臆病者達のボクシング奮闘記(第一話)
 バンタム級(五十六キロ以下)で出場している相沢の相手は、今年春の選抜で全国三位になっている青葉台高校の選手である。

 試合が終わった石山も加わって懸命に応援したが、地力の差が出て三ラウンド目に連打を浴び、RSCで負けてしまった。


 その後、清水・兵藤の二人は勝ち残り、決勝戦に駒を進めていた。


 康平と健太は坂田裕也の事が気になった。ライトウェルター級(六十四キロ以下)のトーナメント表を見た時、彼は準決勝に勝ち残っていた。

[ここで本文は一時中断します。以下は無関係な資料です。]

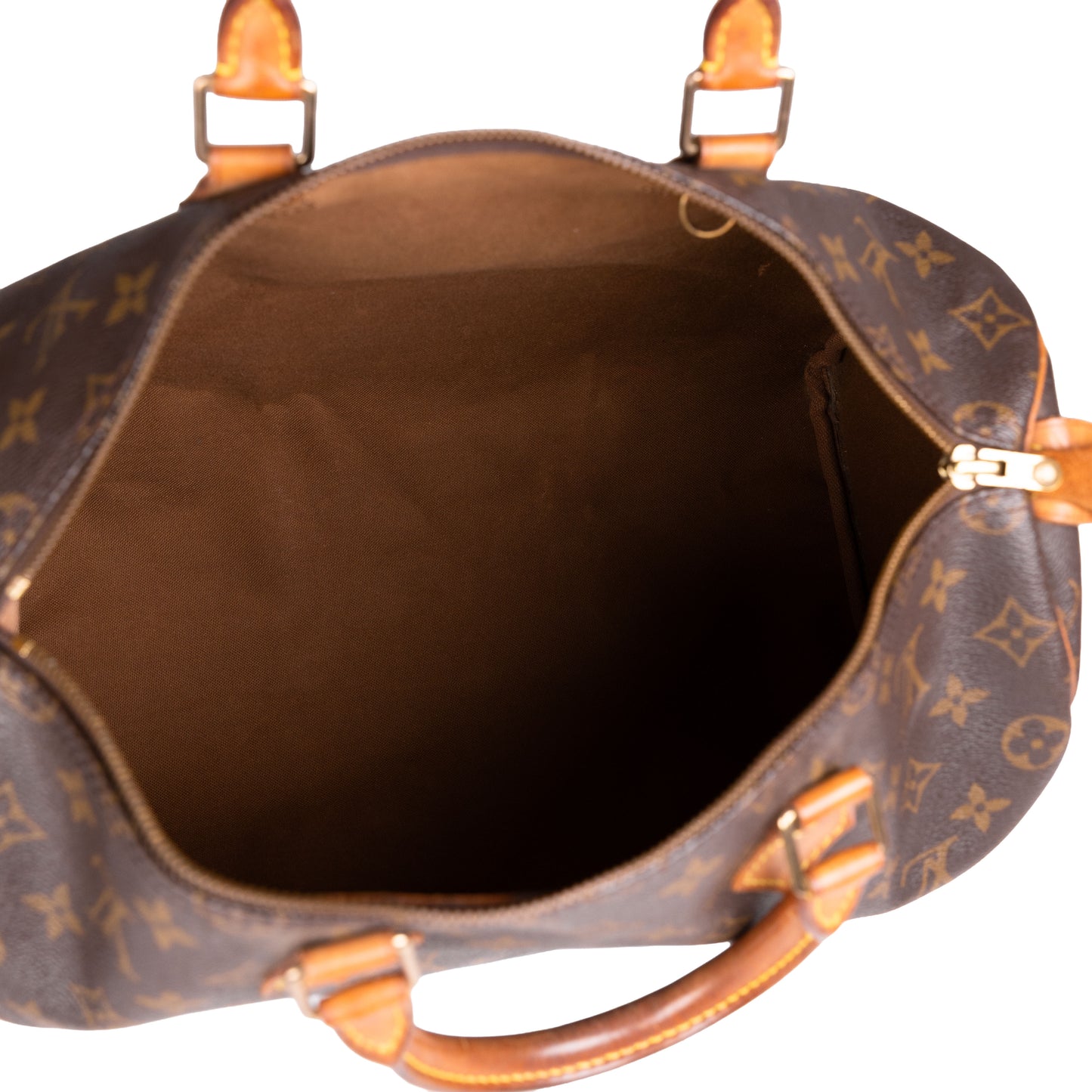 LOUIS VUITTON speedy 35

 康平と健太は、こっそり裕也の試合を見に行った。裕也の爽やかな人柄を知ってる二人にとっては、信じられない程荒々しい戦い振りだった。

 ガンガン前に出ながら、とに角打ち合う。そして、思い切った右パンチを振るっていた。

 二ラウンド目、今までずっと空振りしていた右の強振が相手の顔面を捉える。

 すると今まで元気だった相手の足許がふらつき、そこで裕也のストップ勝ちとなった。

 康平と健太は呆気にとられていたが、森谷の試合が次にあるので急いで戻っていった。